#### Data to examine:
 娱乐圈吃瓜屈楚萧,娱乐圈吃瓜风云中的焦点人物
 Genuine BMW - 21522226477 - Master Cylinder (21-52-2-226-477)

---

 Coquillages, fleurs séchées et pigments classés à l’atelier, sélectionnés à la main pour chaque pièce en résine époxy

#### Try it:
When you reach the line with "娱乐圈吃瓜屈楚萧,娱乐圈吃瓜风云中的焦点人物" in the records above, start writing out lines exactly, and stop once the line with "Genuine BMW - 21522226477" has been written; include nothing else.

#### Answer to this task:
 娱乐圈吃瓜屈楚萧,娱乐圈吃瓜风云中的焦点人物
 Genuine BMW - 21522226477 - Master Cylinder (21-52-2-226-477)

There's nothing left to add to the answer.